Plaintiffs' requests for declaratory and injunctive relief do not pertain to the University of Cincinnati Defendants.

Plaintiffs allege that the Defendant Secretary of State has violated the NVRA in failing to designate the disability services offices of Ohio's public colleges and universities as voter registration sites. Plaintiffs further allege that the Secretary has failed to fully ensure the mandatory NVRA compliance by the public colleges and universities at issue. In response, the Secretary contends that, as of June 27, 2002, he has made the required designations under the NVRA and is now in the process of ensuring that the colleges and universities will be able to offer disabled students the voting services required under the law by the first day of classes for the upcoming 2002 fall semester/quarter. In light of these actions, Defendant contends that Plaintiffs' requests for relief are rendered moot. Plaintiffs dispute this contention.

II.

Before considering the merits of the parties' arguments, the Court will set forth the principles which guide its consideration of the requested relief.

With respect to Plaintiffs' Motion for Preliminary Injunction under Fed.R.Civ.P. 65, the United States Court of Appeals for the Sixth Circuit has identified four factors to assist the Court in determining whether such relief is appropriate. The analysis, which involves a weighing of the interests on both sides, requires consideration of the following: (1) whether there is a strong or substantial likelihood of the movant's success on the merits; (2) whether an injunction will save the movant from irreparable injury; (3) whether an injunction will harm others, including the non-movant; and (4) whether the public interest would be served by issuance of a preliminary injunction. See e.g., International Longshoremen's Ass'n v. Norfolk Southern Corp., 927 F.2d 900, 903 (6th Cir.), cert. denied, 112 S.Ct. 63 (1991); Sandison v. Michigan High School Athletic Assoc., 64 F.3d 1026, 1030 (6th Cir. 1995).

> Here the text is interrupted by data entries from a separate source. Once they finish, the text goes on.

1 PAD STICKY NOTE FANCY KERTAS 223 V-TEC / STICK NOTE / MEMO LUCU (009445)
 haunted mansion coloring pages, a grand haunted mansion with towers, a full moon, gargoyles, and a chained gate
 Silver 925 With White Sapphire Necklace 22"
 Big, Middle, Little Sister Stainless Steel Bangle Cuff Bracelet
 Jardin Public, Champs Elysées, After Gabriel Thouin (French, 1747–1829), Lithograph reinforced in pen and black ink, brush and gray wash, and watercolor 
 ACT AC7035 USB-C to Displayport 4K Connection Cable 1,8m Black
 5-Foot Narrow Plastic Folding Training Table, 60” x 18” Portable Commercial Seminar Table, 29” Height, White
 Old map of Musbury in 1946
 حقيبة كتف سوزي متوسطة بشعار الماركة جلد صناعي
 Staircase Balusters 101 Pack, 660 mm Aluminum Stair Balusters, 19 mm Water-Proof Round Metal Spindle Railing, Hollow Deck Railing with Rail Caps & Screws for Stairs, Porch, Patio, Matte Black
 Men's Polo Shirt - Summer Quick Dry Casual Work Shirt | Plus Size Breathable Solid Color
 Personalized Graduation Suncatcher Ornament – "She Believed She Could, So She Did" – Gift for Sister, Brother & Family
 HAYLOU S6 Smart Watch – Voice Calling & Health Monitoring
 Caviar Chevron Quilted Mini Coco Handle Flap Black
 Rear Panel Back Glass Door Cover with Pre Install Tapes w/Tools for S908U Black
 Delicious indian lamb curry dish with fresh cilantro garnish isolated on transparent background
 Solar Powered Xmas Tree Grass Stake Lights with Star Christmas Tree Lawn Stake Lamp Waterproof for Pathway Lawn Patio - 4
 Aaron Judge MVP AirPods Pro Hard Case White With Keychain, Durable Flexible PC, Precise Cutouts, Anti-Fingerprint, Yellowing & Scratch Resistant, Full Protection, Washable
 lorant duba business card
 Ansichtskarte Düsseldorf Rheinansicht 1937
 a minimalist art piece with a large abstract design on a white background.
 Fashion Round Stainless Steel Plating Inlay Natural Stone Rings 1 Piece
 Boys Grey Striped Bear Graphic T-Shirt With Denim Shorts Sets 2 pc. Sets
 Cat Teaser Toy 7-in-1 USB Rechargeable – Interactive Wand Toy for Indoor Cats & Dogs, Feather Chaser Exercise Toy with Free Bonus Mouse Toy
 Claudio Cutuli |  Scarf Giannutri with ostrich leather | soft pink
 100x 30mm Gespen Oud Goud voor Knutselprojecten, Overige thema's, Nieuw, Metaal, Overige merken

These factors are meant to be balanced as they guide the Court in exercising its discretion; they are not due rigid application and need not be assigned equal weight. In re Eagle-Pitcher Indus., Inc., 963 F.2d 855, 859 (6th Cir. 1992). While the Court need not consider any single factor as either indispensable or dispositive, neither is it required to conclude that all four support its decision. The Court's discretion is directed at the weight to be given each factor, and the effect to be accorded their mix. Id.

With respect to Plaintiffs' Request for Declaratory Judgment under 28 U.S.C. § 2201, it is well-settled that the granting or denying of relief is a matter within the sound discretion of the Court. Brillhart v. Excess insurance Co., 316 U.S. 491 (1942); Aetna Cas Surety Co. v. Sunshine Corp., 74 F.3d 685 (6th Cir. 1996). The question in each case is whether the facts averred under the existing circumstances present a real controversy between parties having adverse legal interests of such immediacy so as to warrant a declaratory judgment. Maryland Casualty Co. v. Pacific Coal Oil Co., 312 U.S. 270 (1941). "An academic or theoretical declaration by [a] Court concerning future controversies that may never arise is not contemplated by the Declaratory Judgment Act." Aetna Insurance Co. v. Transamerica Ins. Co., 262 F. Supp. 731, 732 (E.D. Tenn. 1967) (citation omitted).

III.

The NVRA, enacted in 1993 and effective, with regard to Ohio since 1996, requires states to take various steps to facilitate voter registration. In particular, states must: (1) include a voter registration application as part of the application or renewal form for a motor vehicle driver's license; (2) allow mail application for voter registration; and (3) designate various offices as "voter registration agencies" where individuals make applications to vote. 42 U.S.C. § 1973 gg-2. The case at bar focuses on the latter requirement. In this regard, the NVRA provides that each state shall designate "as voter registration agencies . . . all offices in the State that provide State-funded programs primarily engaged in providing services to persons with disabilities." 42 U.S.C. § 1973 gg-5(a)(2)(B).

The effective date of the Act varies as to the methods of voter registration. The parties agree that, as to Ohio, the law became effective in 1996.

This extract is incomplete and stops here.